Conservator wildlife Sindh Javed Mahar said that trans-boundary species which were confiscated should be given the same protective status that these species were accorded in their own countries.

He expressed his concern for lack of published material on pangolins and urged stakeholders to publish appropriate awareness material on the species.

He also cited reports indicating a steep decline in pangolin population in Sindh and Balochistan border areas such as Chotiari desert and the Nara desert.

The meeting participants agreed on the development of communication material and raising awareness on the role of pangolins in the ecosystem.

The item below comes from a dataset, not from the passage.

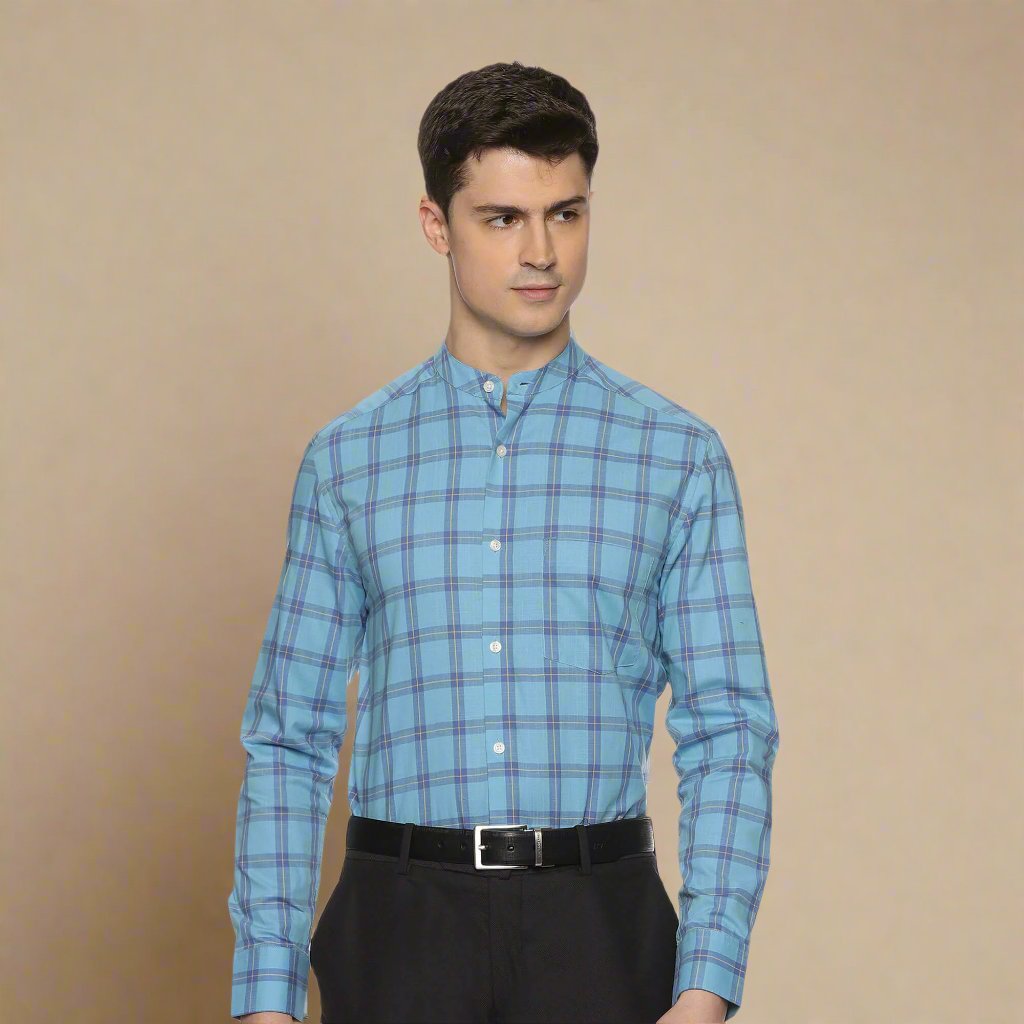 Blissful Cotton Check Shirt In Blue Blue Cotton Check Shirt For Men By TFC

They also stressed the importance of working with local communities and providing them with economic incentives as it had been found that people involved in poaching were often forced by poverty to take up the illegal business.

There was also consensus to develop close coordination among all stakeholders and formation of a working group to take this initiative forward.

It is pertinent to mention here that the Indian pangolin (Manis crassicaudata) is the only pangolin species found in Pakistan out of a total eight species reported from all the tropical regions of Asia and Africa.

The species is a natural pest controller while their burrowing behaviour improved soil’s nutrient quality.

According to experts, the species is hunted for its scales, which are sold for illegal trade and exported from Pakistan at high rates to countries like China and Vietnam. The scales are reportedly crushed into powder to make traditional medicines.

One major obstacle in conservation efforts, they say, is the low amount of fine imposed on poachers.